Sunday, May 03, 2026

A few notes on Michael Rabin

Michael Rabin passed away on April 14,2026. I blogged about him here

My post listed results of his that proved upper and lower bounds on problems. My point was that he proved upper and lower bounds for MANY different levels- from decidable to regular. And I am sure I left out some of his results. 

Here are some things I did not mention.

1) Rabin and Scott shared the Turing Award in 1976.  My not mentioning it raises the following question:

If I want to say someone has an impressive set of results which is a better way:

listing the awards they've won, or

listing  their results. 

I leave this to the reader. 

2) I had Rabin for two graduate courses at Harvard: Algorithms and Complexity Theory.
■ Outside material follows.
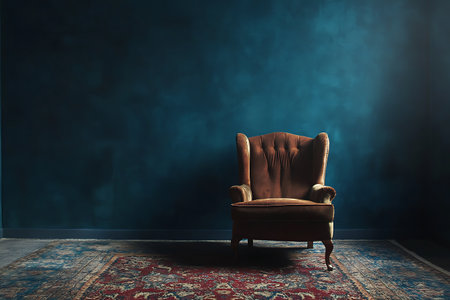 Vintage armchair in a dark room with blue wall and carpetの写真素材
He was a great teacher and gave insights into the results, some of which he had either proven or worked on.

3) I recalled thanking him in my PhD Thesis. So I dusted it off to see what I had said: 

The many courses I have taken at Harvard and MIT have helped me create this thesis. I am especially indebted to Michael Rabin, Mike Sipser, and Michael Stob for their excellent courses in algorithms, complexity theory, and recursion theory. Their pedagogy has been an inspiring example of what good teaching can and should be.

What is the probability that all three great teachers were named Michael? I do not know, however, I suspect Michael Rabin could have told me. 




Wednesday, April 29, 2026

Because It Doesn't Have To

My favorite quote about networking came from Jim Kurose.

The Internet works so well because it doesn't have to.

The IP and lower layers of the internet stack make no promises of delivery. Complete failure fulfills the protocol. This allows for simpler and more powerful protocols without the extra complexity needed to guarantee success. TCP aims for delivery basically by restarting the IP communication when it fails, and even TCP can report failure to the layers above.

We can say the same about modern artificial intelligence.

Machine learning works so well because it doesn't have to.

With the softmax function that neural nets use to determine the probability of outputs, neural nets never completely rule out a possibility, always giving it at least some tiny probability. In cases where the complexity is just too difficult, neural nets give several possibilities with nontrivial probabilities, as I described in my recent post, where a machine learning model would generate a uniform distribution to capture the output of a pseudorandom generator. Instead of rigidly forcing the model to give us a specific answer, by looking at distributions we allow the models to make mistakes.

Thus a machine learning model can be correct when it makes probabilistic guesses in situations too complicated to solve directly, which allows it to achieve its best possible performance. Because we allow the models to make mistakes, they have the flexibility to solve complex problems far more frequently.

Sunday, April 26, 2026

LEAPing into the Future of Coding

A few months ago in Oxford, Bernard Sufrin, an emeritus fellow, said he's looking to hire a student to implement LEAP (Logic Engine for Argument by Pointing), a way to teach logic by proving basic logic theorems via pointing and clicking. Rahul Santhanam said why not give it to AI. Bernard said AI can't handle this task. I thought why not give it a try.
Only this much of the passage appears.